Space, like hope, springs eternal, which is probably why fans of space sims have suffered for so long. Once a dominant genre, space sims come few and far between now, and the glory days of games such as Wing Commander and TIE Fighter are ancient history. So enter Spaceforce: Rogue Universe from Dreamcatcher and Provox Games, a space sim that blends role-playing with the open-ended type of exploration reminiscent of Elite. It makes for a compelling package, but it suffers from some inexplicable problems.

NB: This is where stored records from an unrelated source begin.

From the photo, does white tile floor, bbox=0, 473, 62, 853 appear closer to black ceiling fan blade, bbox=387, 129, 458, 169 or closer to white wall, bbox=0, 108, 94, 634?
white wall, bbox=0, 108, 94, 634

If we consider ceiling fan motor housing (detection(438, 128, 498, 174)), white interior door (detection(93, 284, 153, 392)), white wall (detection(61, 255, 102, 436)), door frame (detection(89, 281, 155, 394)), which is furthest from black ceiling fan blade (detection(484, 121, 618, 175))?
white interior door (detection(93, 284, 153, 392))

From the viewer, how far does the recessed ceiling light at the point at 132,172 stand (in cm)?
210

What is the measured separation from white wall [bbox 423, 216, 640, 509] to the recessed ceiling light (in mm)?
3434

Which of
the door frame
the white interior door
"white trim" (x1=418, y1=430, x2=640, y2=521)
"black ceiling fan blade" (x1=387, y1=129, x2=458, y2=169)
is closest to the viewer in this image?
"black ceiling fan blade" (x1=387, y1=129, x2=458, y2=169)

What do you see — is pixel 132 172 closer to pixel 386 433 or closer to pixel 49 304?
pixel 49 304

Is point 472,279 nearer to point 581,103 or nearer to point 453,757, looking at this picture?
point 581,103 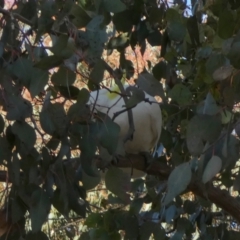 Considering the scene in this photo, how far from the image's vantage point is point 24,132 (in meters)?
0.77

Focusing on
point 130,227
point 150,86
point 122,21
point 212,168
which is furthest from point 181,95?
point 130,227

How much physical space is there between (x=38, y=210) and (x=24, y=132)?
0.38ft

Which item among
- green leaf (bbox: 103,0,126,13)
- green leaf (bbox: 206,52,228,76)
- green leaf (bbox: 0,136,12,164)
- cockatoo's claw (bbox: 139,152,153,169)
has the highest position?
green leaf (bbox: 103,0,126,13)

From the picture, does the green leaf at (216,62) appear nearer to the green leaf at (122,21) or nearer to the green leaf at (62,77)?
the green leaf at (62,77)

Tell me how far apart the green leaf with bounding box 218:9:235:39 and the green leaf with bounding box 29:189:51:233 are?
34 centimetres

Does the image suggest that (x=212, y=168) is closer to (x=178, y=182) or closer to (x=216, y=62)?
(x=178, y=182)

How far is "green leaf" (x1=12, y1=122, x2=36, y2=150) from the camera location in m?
0.77

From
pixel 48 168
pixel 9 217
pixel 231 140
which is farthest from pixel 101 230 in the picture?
pixel 231 140

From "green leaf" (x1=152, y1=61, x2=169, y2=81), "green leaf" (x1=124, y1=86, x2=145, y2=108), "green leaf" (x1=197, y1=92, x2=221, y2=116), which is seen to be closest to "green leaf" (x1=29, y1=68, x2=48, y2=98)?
Answer: "green leaf" (x1=124, y1=86, x2=145, y2=108)

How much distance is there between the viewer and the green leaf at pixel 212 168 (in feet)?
2.27

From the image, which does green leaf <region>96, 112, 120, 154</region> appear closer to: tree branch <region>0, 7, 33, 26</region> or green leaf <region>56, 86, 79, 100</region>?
green leaf <region>56, 86, 79, 100</region>

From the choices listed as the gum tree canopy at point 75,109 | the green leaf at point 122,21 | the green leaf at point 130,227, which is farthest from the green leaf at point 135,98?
the green leaf at point 130,227

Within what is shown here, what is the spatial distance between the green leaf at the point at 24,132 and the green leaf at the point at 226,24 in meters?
0.28

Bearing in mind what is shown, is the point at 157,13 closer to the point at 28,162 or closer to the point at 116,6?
the point at 116,6
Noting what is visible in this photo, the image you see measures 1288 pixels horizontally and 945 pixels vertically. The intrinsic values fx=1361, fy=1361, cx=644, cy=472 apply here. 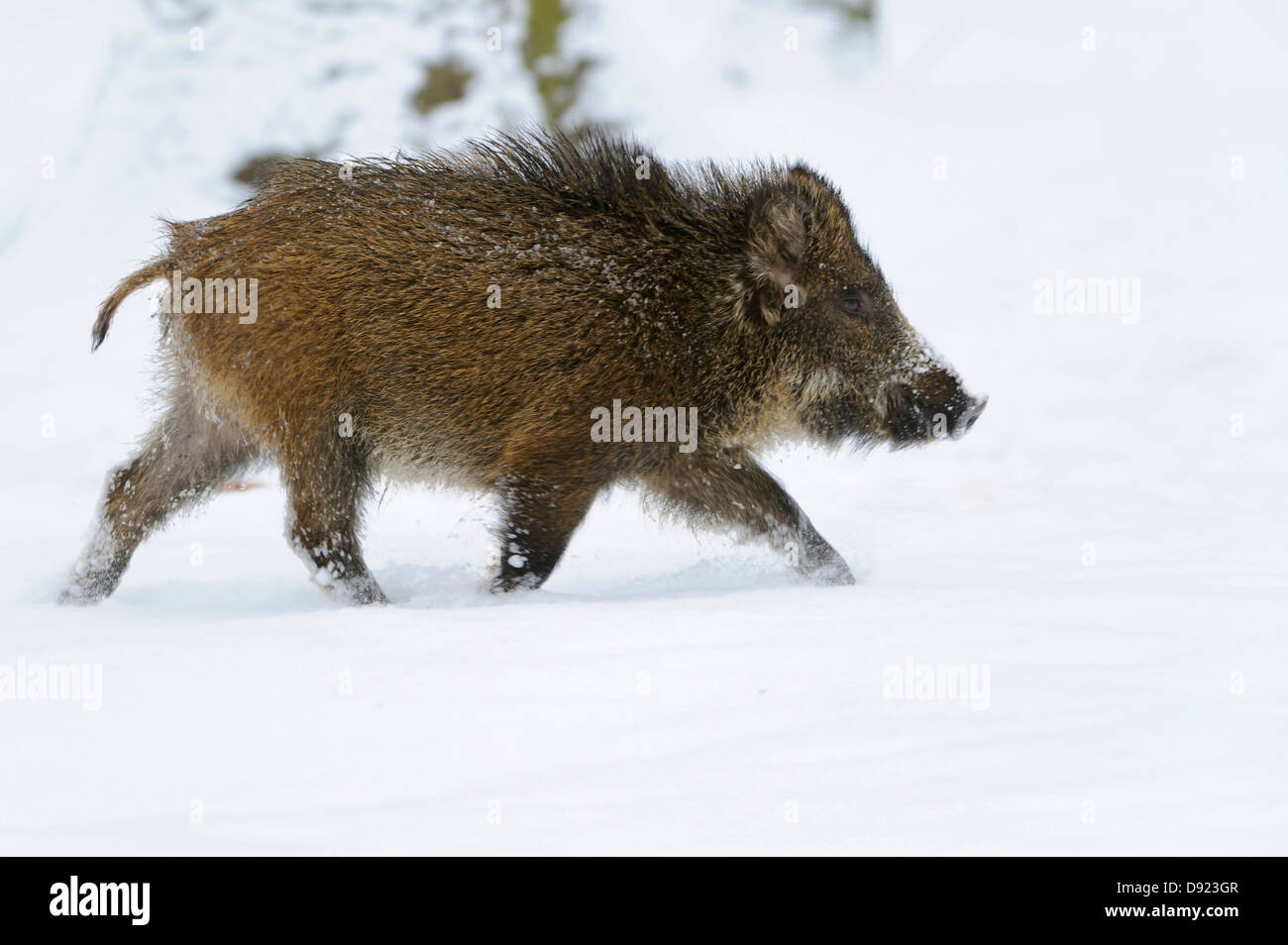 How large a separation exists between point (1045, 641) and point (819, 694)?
2.44ft

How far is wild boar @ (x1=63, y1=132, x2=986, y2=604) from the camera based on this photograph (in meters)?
4.75

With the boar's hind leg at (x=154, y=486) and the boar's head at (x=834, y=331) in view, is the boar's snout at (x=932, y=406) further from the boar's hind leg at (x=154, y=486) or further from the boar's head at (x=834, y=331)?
the boar's hind leg at (x=154, y=486)

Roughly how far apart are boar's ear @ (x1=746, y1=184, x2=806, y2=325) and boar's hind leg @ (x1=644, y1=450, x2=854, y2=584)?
573mm

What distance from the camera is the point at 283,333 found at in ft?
15.5

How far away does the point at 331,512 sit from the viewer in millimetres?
4891

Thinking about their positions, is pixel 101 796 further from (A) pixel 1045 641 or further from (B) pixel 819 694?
(A) pixel 1045 641

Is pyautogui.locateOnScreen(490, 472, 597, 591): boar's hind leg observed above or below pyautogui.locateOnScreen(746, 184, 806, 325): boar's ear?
below

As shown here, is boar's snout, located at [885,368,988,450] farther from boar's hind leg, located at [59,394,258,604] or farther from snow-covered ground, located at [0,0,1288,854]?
boar's hind leg, located at [59,394,258,604]

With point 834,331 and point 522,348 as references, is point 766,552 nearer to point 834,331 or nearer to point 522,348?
point 834,331

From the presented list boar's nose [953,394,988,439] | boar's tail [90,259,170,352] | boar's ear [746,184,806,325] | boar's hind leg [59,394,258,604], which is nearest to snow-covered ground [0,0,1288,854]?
boar's hind leg [59,394,258,604]

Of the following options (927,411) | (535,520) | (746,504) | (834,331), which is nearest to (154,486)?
(535,520)

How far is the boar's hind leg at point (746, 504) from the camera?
4988mm

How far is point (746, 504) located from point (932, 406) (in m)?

Who said space was bland and empty?
There are actually two games in Spaceforce. The first is a story-driven campaign that lets you fly around a galaxy in pursuit of vengeance for your family, while the second is a free-form, open-ended role-playing game that ditches the story completely, lets you create your own character from different races and classes, and lets you fly around the galaxy and pursue the more than 2,000 side quests on your own. That's enough content to keep most space fans busy for a good, long while--or at least until the next space sim is released in a year or two.
Like any good space sim, the heart of Spaceforce is your ship, a fighter that you can exchange and upgrade any number of ways. As usual, you can upgrade your ship by buying and installing more powerful weapons and components, but you can also boost various components of your ship so long as you have cash to pay for the upgrades. You get cash for these upgrades by flying missions, which can be picked up at any space station. Invariably, these missions require you to go out and blast the heck out of someone or something, and their pace, as well as the sheer number of available missions, means that you'll be busy as you zip around space.
Thankfully, even though the game is set in a fairly open galaxy full of star systems, it's easy to get around. You can go into mega speed mode by switching the camera to outside of your ship, which lets you shorten travel time as you fly across systems. Meanwhile, a helpful jump system usually lets you warp straight to a space station or a dimensional gate, which lets you travel from system to system. There's a lot to see and explore in each system, as you can discover and interact with different civilizations and explore previously uncharted territory.